PLGA NPs in aqueous suspension were sonicated for 30 min before adding them to A. thaliana Col-0 cell suspensions. For cultured cell experiments, Cu6-PLGA NPs were added to the liquid culture media at a final concentration of 15 mg L−1 (at day 10 of subculture), incubating under continuous darkness on a rotary shaker at 100 rpm. The observations were carried out at different times after Cu6-PLGA NPs treatment: 0 min, 10 min, 30 min, 1 h, 2 h, and 24 h. In accordance with the work of Macia and co-workers [23], dynasore (purchased from Sigma-Aldrich, Milan, Italy) was added to cultured cells to a final concentration of 80 µM to investigate whether the Cu6-PLGA NPs’ endocytic process is prevented by this inhibitor. Since the literature reports no article on the use of dynasore in plant cells, a higher concentration of 160 µM was also tested. Cells were incubated with dynasore for 10 or 30 min, after which Cu6-PLGA NPs were added to cell suspensions (15 mg L−1 final concentration) and cells were observed by confocal microscopy after 10 min incubation time.

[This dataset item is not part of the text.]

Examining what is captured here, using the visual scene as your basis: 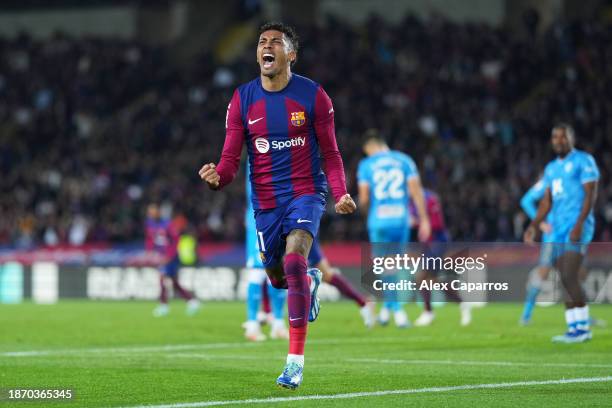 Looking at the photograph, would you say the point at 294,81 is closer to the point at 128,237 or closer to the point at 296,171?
the point at 296,171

4.5. PLGA NPs Uptake Experiments in Plantlet Roots

PLGA NPs were prepared as described for cultured cell experiments. For root uptake experiments, A. thaliana plantlets (10 days after seedling) were transferred from an agarized medium to a multiwell plate (6 plates) filled with 5 mL of liquid culture media, being careful not to damage the roots, and Cu6-PLGA NPs were added to the medium at a final concentration of 15 mg L−1 under continuous darkness on a rotary shaker at 100 rpm. To evaluate the Cu6-PLGA NPs’ absorption, confocal microscopy observations were carried out at 0 min, 10 min, 30 min, 80 min, and 5 h. To investigate the root endocytic uptake of NPs, dynasore was added to plantlets at a final concentration of 80, 160, or 320 µM. Specifically, plantlets were incubated with dynasore for 30 min, 60 min, and 120 min, and then the roots were treated with 15 mg L−1 of NPs and observed by confocal microscopy 10 min later.

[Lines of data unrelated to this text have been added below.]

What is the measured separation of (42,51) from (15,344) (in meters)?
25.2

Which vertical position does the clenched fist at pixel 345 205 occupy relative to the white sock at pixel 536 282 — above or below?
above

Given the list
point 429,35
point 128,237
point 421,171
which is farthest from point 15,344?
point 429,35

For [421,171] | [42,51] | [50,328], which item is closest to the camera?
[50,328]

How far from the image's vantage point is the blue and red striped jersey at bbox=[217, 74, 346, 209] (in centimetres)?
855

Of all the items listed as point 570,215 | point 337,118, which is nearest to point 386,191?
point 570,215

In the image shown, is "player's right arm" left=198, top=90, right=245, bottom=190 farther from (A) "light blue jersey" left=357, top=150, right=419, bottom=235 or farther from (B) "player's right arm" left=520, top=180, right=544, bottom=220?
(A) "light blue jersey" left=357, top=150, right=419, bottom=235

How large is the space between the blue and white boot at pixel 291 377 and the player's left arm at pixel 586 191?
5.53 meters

4.6. Cytotoxicity Test on Dynasore Treated Plantlets

The fluorescent dye propidium iodide is commonly used to stain plant roots [63,64]. A 12.5 μg mL−1 propidium iodide water solution was used in this case. Plantlet roots were treated with different dynasore concentrations (80 and 320 µM) and with Cu6-PLGA NPs 120 min after dynasore treatment. Then, they were mounted on microscope slides and root cell viability was assessed by confocal microscopy 10 min after the Cu6-PLGA NPs’ treatment. The cells were considered nonviable if propidium iodide filled the cytoplasm and viable if propidium iodide was excluded. The excitation wavelength of the reader was 530 nm with an emission filter of 620 nm.

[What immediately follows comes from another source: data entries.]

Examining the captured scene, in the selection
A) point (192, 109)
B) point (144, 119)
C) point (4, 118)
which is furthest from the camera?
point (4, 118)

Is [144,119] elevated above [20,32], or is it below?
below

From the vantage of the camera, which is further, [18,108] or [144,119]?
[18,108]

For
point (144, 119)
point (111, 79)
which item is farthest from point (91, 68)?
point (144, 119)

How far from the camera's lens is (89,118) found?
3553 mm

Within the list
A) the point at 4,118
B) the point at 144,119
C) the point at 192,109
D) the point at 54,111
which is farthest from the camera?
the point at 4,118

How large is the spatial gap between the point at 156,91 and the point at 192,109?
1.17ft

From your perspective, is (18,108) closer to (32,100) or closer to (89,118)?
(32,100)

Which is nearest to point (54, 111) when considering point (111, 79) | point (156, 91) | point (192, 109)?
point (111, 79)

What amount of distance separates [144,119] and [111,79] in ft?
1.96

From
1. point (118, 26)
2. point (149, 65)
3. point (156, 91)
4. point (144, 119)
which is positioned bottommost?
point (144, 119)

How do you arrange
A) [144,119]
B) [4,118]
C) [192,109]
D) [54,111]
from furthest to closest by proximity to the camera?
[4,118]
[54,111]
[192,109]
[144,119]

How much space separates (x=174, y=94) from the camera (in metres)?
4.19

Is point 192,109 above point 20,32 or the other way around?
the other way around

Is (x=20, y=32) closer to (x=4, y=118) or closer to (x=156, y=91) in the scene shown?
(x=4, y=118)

4.7. Confocal Microscopy Analysis

In order to investigate the uptake of Cu6-PLGA NPs by cells and roots, differential interference contrast (DIC) and confocal microscopy were used. The analyses were performed on an inverted Z.1 microscope (Zeiss, Germany) equipped with a Zeiss LSM 700 spectral confocal laser scanning unit (Zeiss, Germany). For coumarin 6 detection, a 488 nm, 10 mW solid laser with an emission wavelength of 520 nm was employed, while for propidium iodide detection, a 555 nm, 10 mW solid laser with an emission wavelength split at 550 nm/LP 640 was employed.

5. Conclusions

In the present study, we evidenced that Cu6-PLGA NPs rapidly penetrated cultured cells and plantlet roots of A. thaliana. It was observed that dynasore did not inhibit the uptake of Cu6-PLGA NPs in cells and roots, suggesting that the NPs’ internalization may occur by a dynamin-like-independent pathway and, consequently, by a clathrin-independent pathway, in agreement with our previous studies performed on V. vinifera. The diverse uptake mechanisms of NPs could affect the rate of uptake and translocation within the plant as well as the potential sites of accumulation. Therefore, the results obtained in the present work add new, relevant information to advance studies in the field of PLGA NPs’ uptake. Further studies are essential to better understand the translocation of PLGA NPs through plant tissues and determine accumulation sites, especially with the aim of using PLGA NPs as carriers for bioactive molecules (i.e., elicitors, antifungals) for applications in the agronomic field. Moreover, the long-term effects on plants as well as soil will have to be carefully evaluated and quantified.

Author Contributions

G.P. and C.P. conceived the study design; G.D.A., C.B. and L.C. conducted the experiments and analyzed the results; G.D.A. and C.B. wrote the final manuscript; G.P. edited and supervised the manuscript. All authors have read and agreed to the published version of the manuscript.

Funding

This research was funded by the Sapienza University of Rome Funds for Avvio alla Ricerca, protocol number: AR22117A75BB5649.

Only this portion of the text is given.